During the time of Crimea annexation a score of Crimean Tatar activists were missing, tormented, arrested or convicted on contrived charges. General public well knows the names of Reşat Ametov, Timur Shaymardanov, brothers Islyamov, Edem Asanov etc. This list is consistently refilled with new names. The so-called defense volunteer squads which in fact consist of conventional ruffians entitled to outrage, as well as authorities and security services consistently threaten relatives of murdered and missing persons.

Despite the facts of violation of the rights of national minorities registered by international observers Russia keeps impudently and cynically telling lies to the whole world about improvements of the state of national minorities and Crimean Tatars in Crimea.
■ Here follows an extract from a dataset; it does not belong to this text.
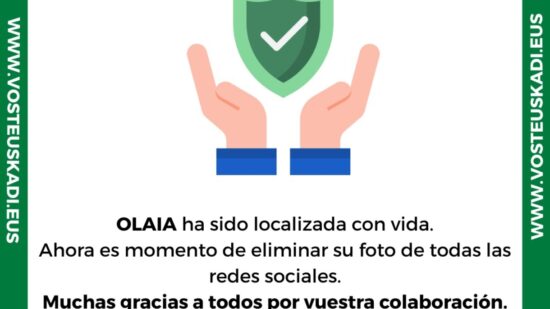 Aparece en buen estado Olaia, la menor desaparecida en Bilbao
Thus, for example, Head of the Federal Agency for Ethnic Affairs Igor Barinov in his April speech for the Information Committee of the UN General Assembly declared that Crimean Tatars for the first time after the so called Crimea’s accession to Russia may feel the difference. He says Russia gave Crimean Tatar language official status (along with Russian and Ukrainian), affords obtaining degree in native language, celebrating national holidays, provides with housing etc. Russian official even invited the participants of the conference to visit Crimea in order to be clear about it. However, Mr. Barinov didn’t mention those thousands Crimean Tatars and Ukrainians who didn’t wish to change their national status and were therefore forced to leave Crimea pulling through repressions, those hundreds of arrested on political charges, those dozens of missing and massacred for three years of annexation.

He didn’t mention also that Russia disregarded the decision of the International Court of Justice which obliged Russian authorities to resume activities of Mejlis. The Ministry of Foreign Affairs of the Russian Federation immediately announced the decision of the Russian authorities claiming that Crimean Tatars supposedly become integrated in social and economic area of the state successfully. Russian officials traditionally reject any charges in prejudicing the rights of national minorities even despite of the fact that the delegation of the Council of Europe reported registered facts of repressions against Crimean Tatars and Ukrainians after recently returned from Crimea.

Thus, why present authorities are afraid of Crimean Tatars so much? It seems that several dozens of hundreds people may not pose a serious threat to Russian regime. At the same time it is important to note that Crimean Tatars who have fought for their right to live on native land for decades are notable for unity and high level of self-organization. For a good reason Kremlin bewares of this small yet unbowed nation which may offer resistance to regime attempting to deprive it of native land once again. That is why Russia makes everything possible to force Crimean Tatars to leave their historical homeland or put behind their national identity fully dissolving in the “Russian world” which put down roots in Crimea.

Crimea annexation and the conflict in the East of the country made displaced more than 2 million of Ukrainian citizens. Therefore, today only joint efforts of international community may determine whether another 200 thousand Crimean Tatars who still stay in Crimea will become refugees.